Correlations among study variables and their descriptive statistics.

	Implementation intentions	Motivation	Expectancies	Value	Cost	Years teaching	Size of class	Percentage of workload dedicated to teaching	Percentage of minoritized student enrollment at the university	Percentage of budget from research expenditures
Implementation intentions	–
Motivation	.62**	–
Expectancies	.50**	.41**	–
Value	.47**	.65**	.34**	–
Cost	–.54**	–.45**	–.68**	–.41**	–
Years teaching	–.13**	–.15**	–.11*	–.10*	.12*	–
Size of class	–.16**	–.06	–.27**	.00	.13**	–.08	–
Percentage of workload dedicated to teaching	.01	.05	.03	.10	.03	–.05	–.01	–
Percentage of minoritized student enrollment at the university	.08	.06	.04	.09	–.08	–.10	.05	.02	–
Percentage of budget from research expenditures	–.15**	–.12*	–.17**	–.11*	.07	.0047	.50**	–.32**	–.10*	–
Cronbach's alpha	.82	.90	.83	.69	.90
Mean	5.35	5.68	4.61	6.07	3.55	15.35	1.94	62.46	27.89	5.47
SD	1.44	0.89	1.29	0.65	1.41	9.66	0.99	22.46	18.89	7.74
Response range	1–7	1–7	1–7	4–7	1–7	1–50	1–5	0–100	0–93	0–43

Note: n > 405 for all pairwise correlations (less than 5% missing data from total sample N = 422). The first five variables are multi-item scales measured from 1 to 7. The size of the class is coded as 1, less than 50; 2, = 50–149; 3, 150–300; 4, 300–499; 5, more than 500. *p < .05. ** p < .01.

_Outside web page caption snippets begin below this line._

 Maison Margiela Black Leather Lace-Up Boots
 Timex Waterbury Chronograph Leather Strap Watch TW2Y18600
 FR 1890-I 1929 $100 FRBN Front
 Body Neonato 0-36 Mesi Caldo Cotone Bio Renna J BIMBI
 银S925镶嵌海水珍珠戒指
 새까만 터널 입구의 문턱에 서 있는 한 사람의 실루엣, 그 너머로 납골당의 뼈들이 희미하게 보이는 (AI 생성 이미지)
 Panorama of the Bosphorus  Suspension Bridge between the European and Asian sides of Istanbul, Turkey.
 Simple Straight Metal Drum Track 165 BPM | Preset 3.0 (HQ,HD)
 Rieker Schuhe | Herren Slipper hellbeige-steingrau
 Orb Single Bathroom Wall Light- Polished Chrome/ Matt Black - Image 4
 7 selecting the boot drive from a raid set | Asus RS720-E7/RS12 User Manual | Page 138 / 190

However, this did not mean that the intervention was believed to come without costs related to resources, time, and grading. The average response about cost perceptions was significantly below the scale midpoint, indicating slight disagreement with the idea that the intervention would take too much effort (M = 3.55, SD = 1.41; df = 421, p < .001). But the relatively large standard deviation shows that many of the respondents did agree that the UVI had substantial costs despite its value. To gain a more concrete understanding of these costs, we analyzed additional descriptive data from the 37.4% of the respondents who indicated reluctance to implement the intervention (i.e., who answered no or maybe to the question “Could you see yourself leading this classroom intervention?”). Of these respondents, 72.8% (27.3% of the entire sample) said that the most important reason for their reluctance was concern over a lack of resources, time, or grading.

We next used structural equation modeling to examine the roles that expectancies, value, and cost each played in determining the respondents’ likelihood of implementing this intervention. We used STATA 15 (StataCorp 2017) to model the effects of expectancies, value, and cost in predicting these outcomes. Simultaneously, expectancies, value, and cost were mediators of the relationship between the respondents’ characteristics and their implementation intentions. As we predicted, a good-fit model demonstrated that expectancies, value, and cost all mediated at least one relationship between the instructors’ characteristics and their implementation intentions (see figure 1). The indirect effect of value on implementation intentions through motivation was significant (ß = .24, 95% confidence interval [CI] = .18–.30), and this indirect effect alone was similar in size to the total effects of expectancies (ß = .23) and cost (ß = –.27).

Figure 1.

Structural equation model of the effects of various faculty characteristics on implementation intentions, as mediated by expectancies, values, and costs. Insignificant paths are not shown. Exogenous variables are all correlated. The residual variances of all mediators (expectancies, value, cost) are correlated.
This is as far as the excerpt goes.